This is the 2007 version. Click here for the 2017 chapter 04 table of contents.

Structures of the Eye

The frontmost layer of the eye is the cornea. It is a tough, clear covering, bathed in tears, very painful when scratched. We blink in order to keep the cornea moist. The cornea refracts light, so it is the first stage in the process of focusing the visual image.

The transparent liquid behind the cornea, called the aqueous humor, also refracts light and helps bring the image of the outside world closer to a focus. Behind the chamber containing the aqueous humor is the iris, the colored part of the eye. The color of the iris and thus the eyes is determined by the amount of pigment contained in them. Albinos, who lack pigment, have pink irises.

Structures of the eye


What is the cornea? The iris? What is the pupillary reflex, and what is its function?

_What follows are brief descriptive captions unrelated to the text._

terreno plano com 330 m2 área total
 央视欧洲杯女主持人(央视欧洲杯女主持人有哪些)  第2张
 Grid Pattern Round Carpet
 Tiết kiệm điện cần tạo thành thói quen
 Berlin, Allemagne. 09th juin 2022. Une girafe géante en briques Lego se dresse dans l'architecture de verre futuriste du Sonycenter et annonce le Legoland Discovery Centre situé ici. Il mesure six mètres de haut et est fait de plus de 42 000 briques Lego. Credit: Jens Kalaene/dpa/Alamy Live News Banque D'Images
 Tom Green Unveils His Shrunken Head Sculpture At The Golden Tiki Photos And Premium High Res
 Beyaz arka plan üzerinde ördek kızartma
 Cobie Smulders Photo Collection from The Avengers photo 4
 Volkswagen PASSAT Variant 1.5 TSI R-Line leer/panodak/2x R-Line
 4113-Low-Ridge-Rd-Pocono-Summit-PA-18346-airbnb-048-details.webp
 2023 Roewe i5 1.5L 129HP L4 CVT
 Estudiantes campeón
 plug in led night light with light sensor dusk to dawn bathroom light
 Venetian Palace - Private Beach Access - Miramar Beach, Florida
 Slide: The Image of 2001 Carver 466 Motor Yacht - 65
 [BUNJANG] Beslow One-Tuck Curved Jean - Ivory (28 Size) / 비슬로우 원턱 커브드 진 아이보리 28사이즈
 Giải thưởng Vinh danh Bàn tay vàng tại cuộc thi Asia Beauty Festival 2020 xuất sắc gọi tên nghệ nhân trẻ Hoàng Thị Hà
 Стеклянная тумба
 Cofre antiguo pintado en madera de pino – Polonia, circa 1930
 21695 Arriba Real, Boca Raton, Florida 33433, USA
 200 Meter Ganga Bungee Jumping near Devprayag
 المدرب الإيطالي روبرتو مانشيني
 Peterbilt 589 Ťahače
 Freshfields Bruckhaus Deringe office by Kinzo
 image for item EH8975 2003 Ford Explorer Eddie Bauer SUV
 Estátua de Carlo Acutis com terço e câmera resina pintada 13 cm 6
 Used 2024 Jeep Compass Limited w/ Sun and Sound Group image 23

The iris has a complex internal structure, including a set of muscles all its own. The muscles allow the iris to change the size of the hole in the middle of the iris, called the pupil. Pupil size changes to compensate for changing levels of light: this is the pupillary reflex. If you are in a brightly lit room, your pupil will shrink or constrict ; if you are in a dimly lit room, your pupils will enlarge or dilate. The fully dilated pupil has 17 times greater area than the fully constricted pupil.

Why are fixed and dilated pupils a bad sign, in the Emergency Room?

Muscles in the iris are controlled by the brain stem, so the pupillary reflex works only as long as the brain stem is alive. Doctors check the pupillary response of unconscious people brought into an Emergency Room. If the pupil is fixed and dilated, wide open and unresponsive to light, the patient is dead.